### Task material
****************

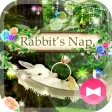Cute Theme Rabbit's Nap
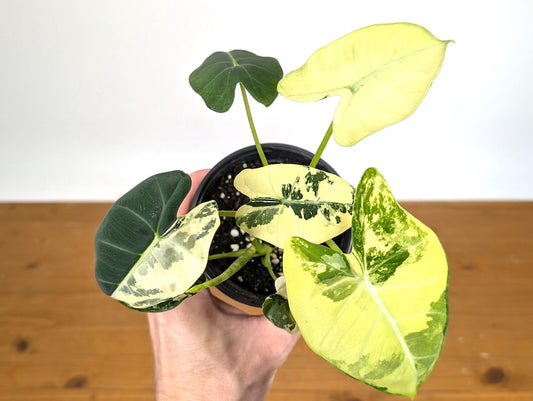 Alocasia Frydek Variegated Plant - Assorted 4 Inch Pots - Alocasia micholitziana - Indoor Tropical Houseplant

****************

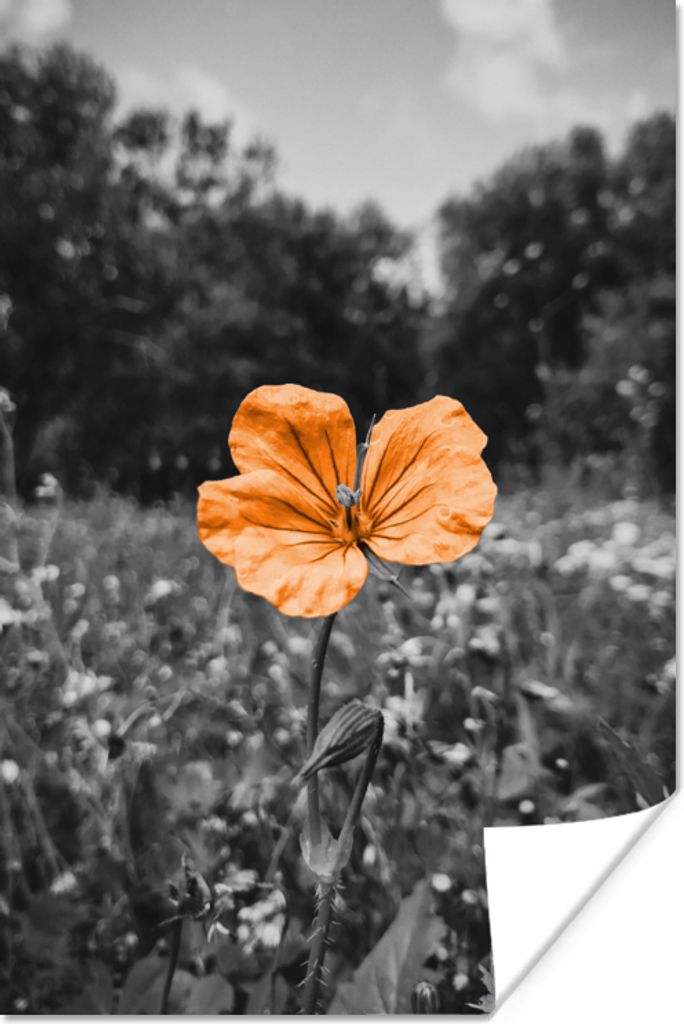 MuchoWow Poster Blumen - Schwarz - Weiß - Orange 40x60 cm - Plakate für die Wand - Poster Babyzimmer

****************

### Problem to work on
Your reply is to be an exact repeat of the listing above from the line holding "Cute Theme Rabbit's Nap" down to the line holding "Alocasia Frydek Variegated", ends included, pictures excluded.

### Solution to the exercise
Cute Theme Rabbit's Nap
 Alocasia Frydek Variegated Plant - Assorted 4 Inch Pots - Alocasia micholitziana - Indoor Tropical Houseplant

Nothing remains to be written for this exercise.